— Dataset extract —
***

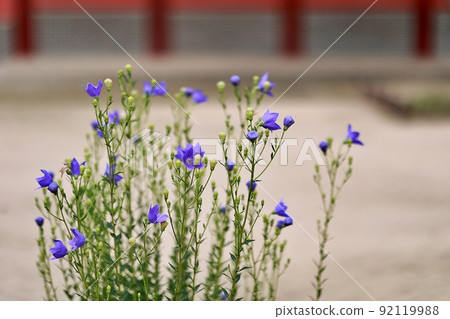 歷史遺跡，昌德宮 92119988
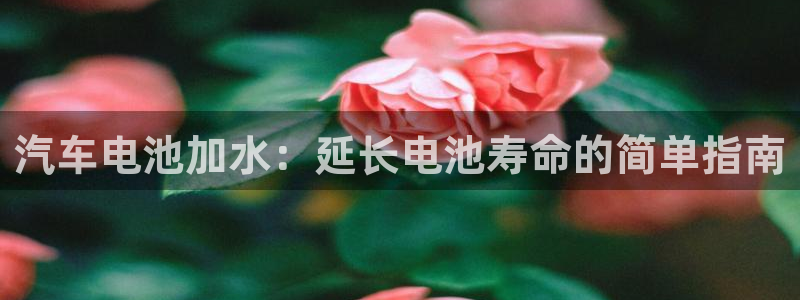 优发国际平台app下载安装
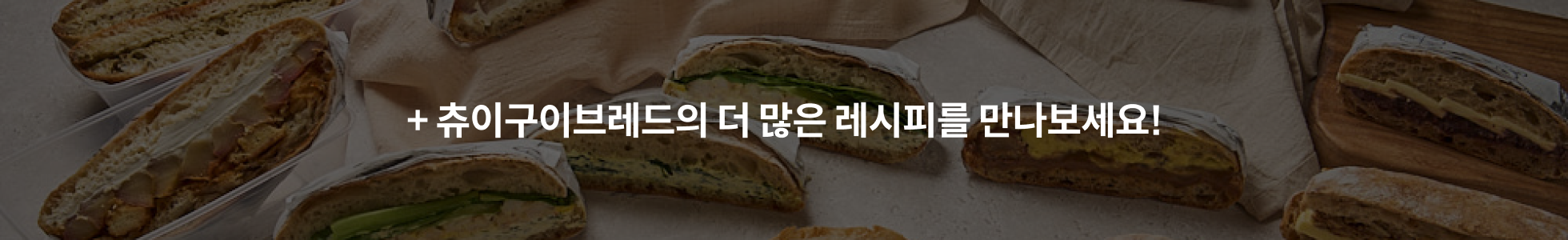 포트폴리오 더보기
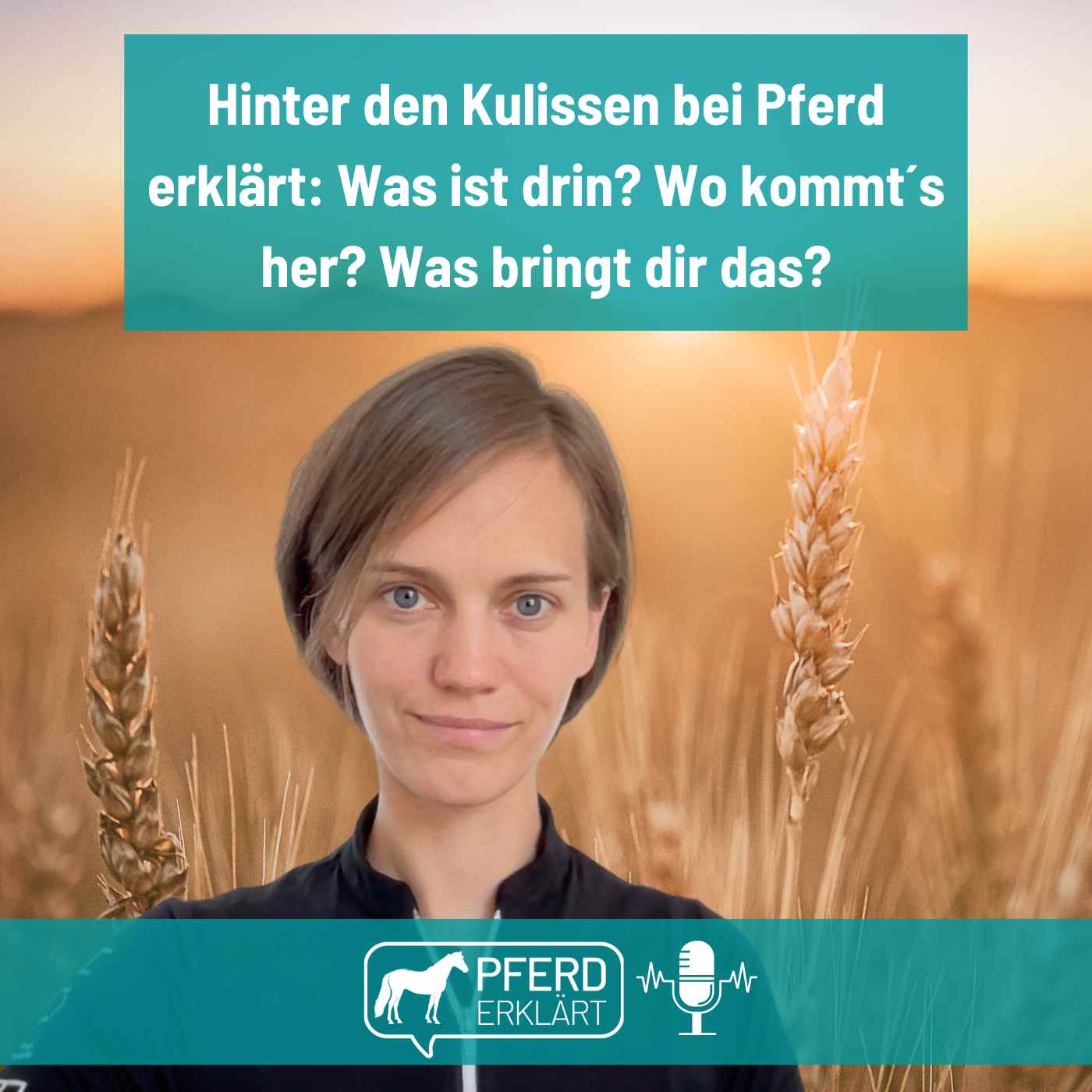 Hinter den Kulissen von Pferd erklärt: Was ist drin? Wie fing´s an?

***

— Work item —
Repeat the material exactly as it reads, without any of its pictures.

— Task response —
 歷史遺跡，昌德宮 92119988
 优发国际平台app下载安装
 포트폴리오 더보기
 Hinter den Kulissen von Pferd erklärt: Was ist drin? Wie fing´s an?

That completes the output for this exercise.